Excerpted records below:

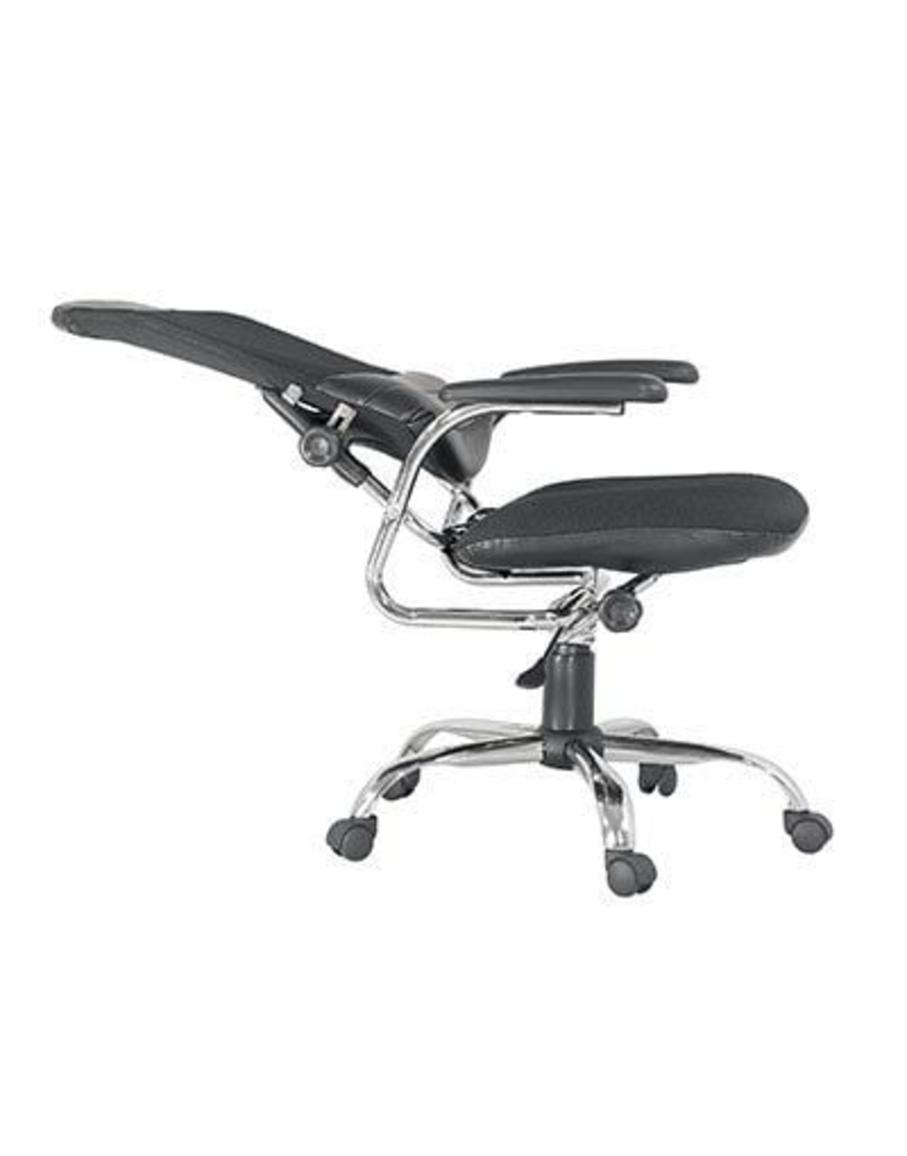 Ghế xoay GX207-M với khả năng ngả lưng tối đa 180 độ.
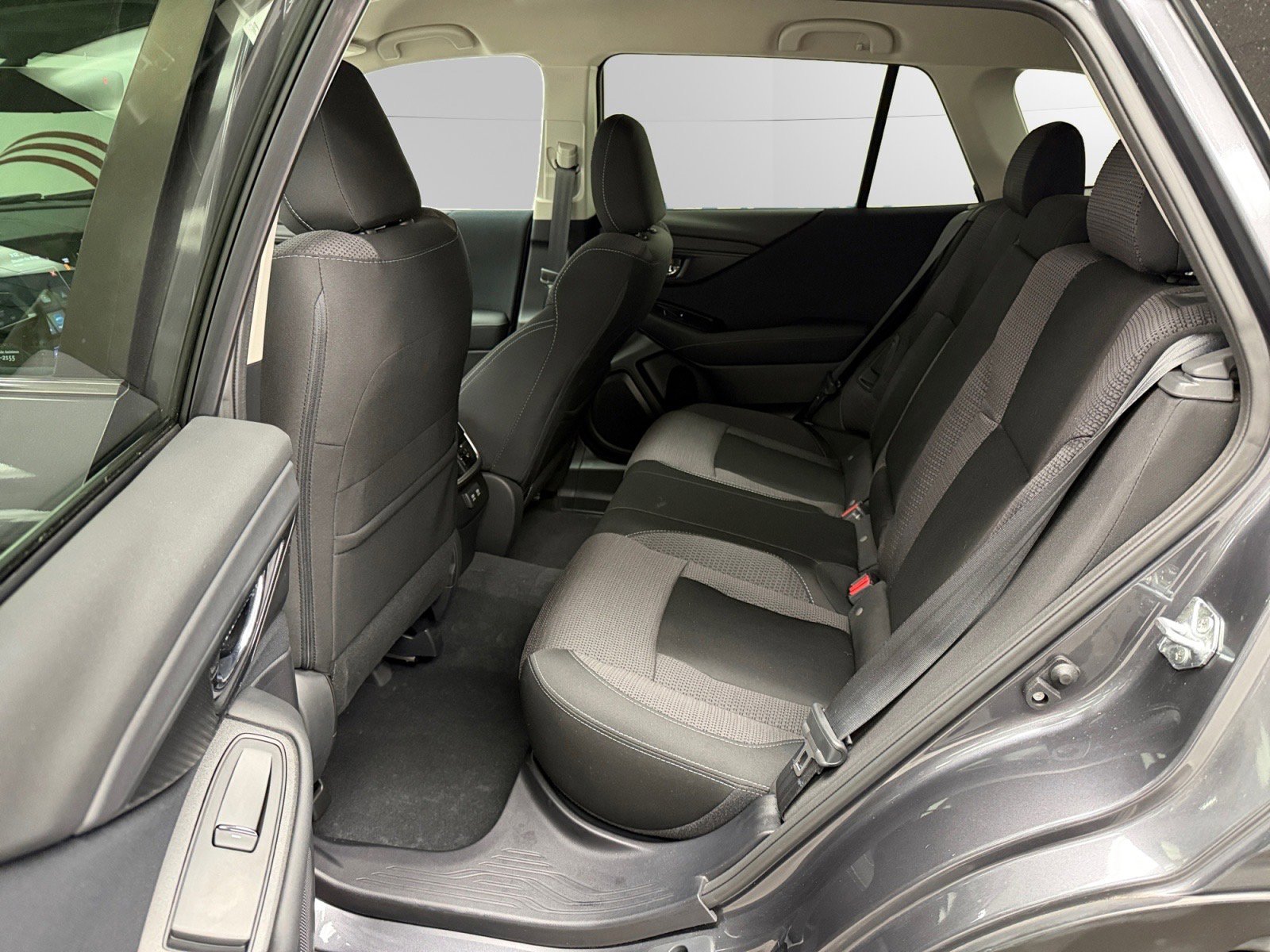 Used 2022 Subaru Outback Premium image 13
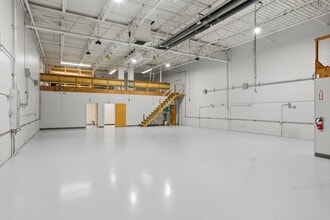 65 Parker St, Newburyport, MA à louer Photo intérieure– Image 2 sur 25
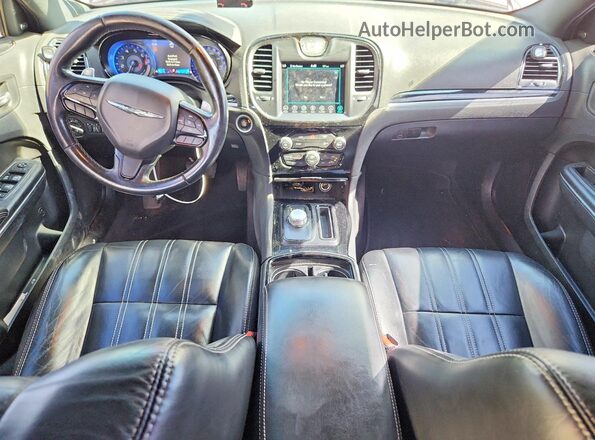 2C3CCABG7JH142934 2018 CHRYSLER 300 Темно-бордовый Вид панели приборов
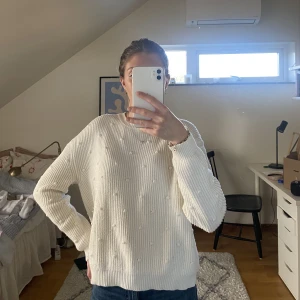 Stickad tröja  - Vit stickad tröja från mango i fint skick.  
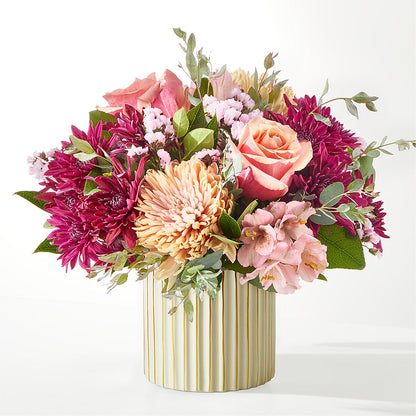 Berry Cobbler Bouquet with Ivory Vase – MOM'S FLOWERS, Springfield OH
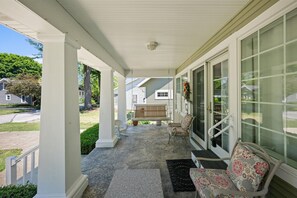 Porch swing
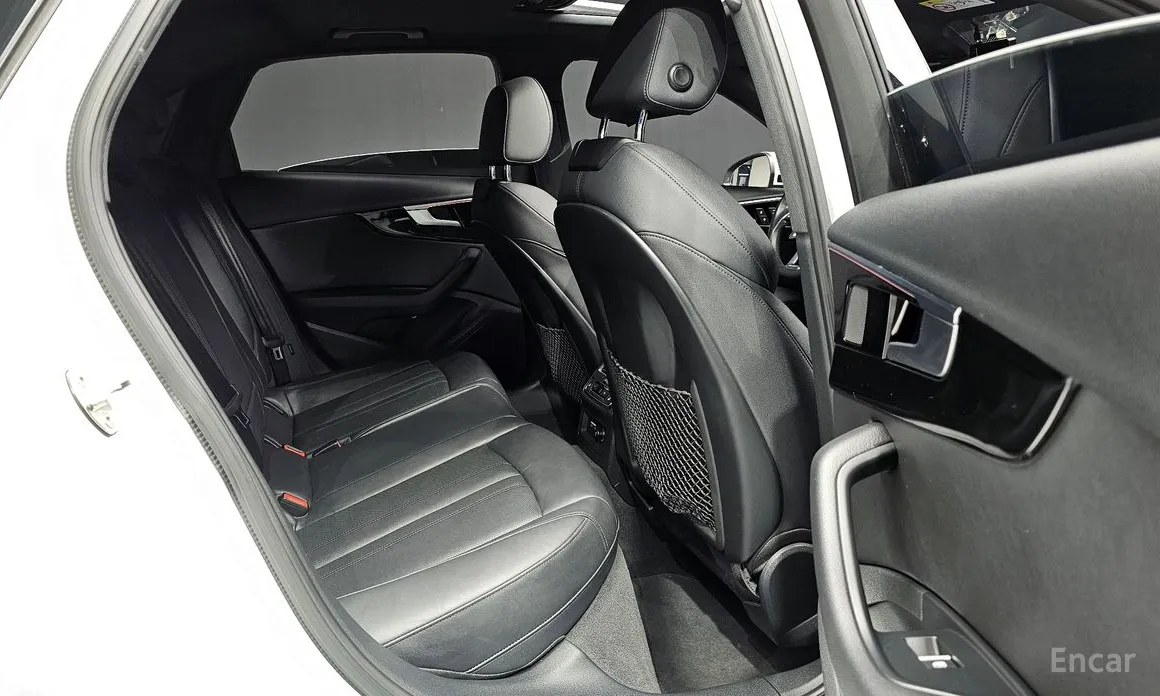 Фото 12 - Audi A4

End of Excerpted records.

Work instructions>
The expected output is every entry above, retyped exactly, with the pictures removed.

Answer>
 Ghế xoay GX207-M với khả năng ngả lưng tối đa 180 độ.
 Used 2022 Subaru Outback Premium image 13
 65 Parker St, Newburyport, MA à louer Photo intérieure– Image 2 sur 25
 2C3CCABG7JH142934 2018 CHRYSLER 300 Темно-бордовый Вид панели приборов
 Stickad tröja  - Vit stickad tröja från mango i fint skick.  
 Berry Cobbler Bouquet with Ivory Vase – MOM'S FLOWERS, Springfield OH
 Porch swing
 Фото 12 - Audi A4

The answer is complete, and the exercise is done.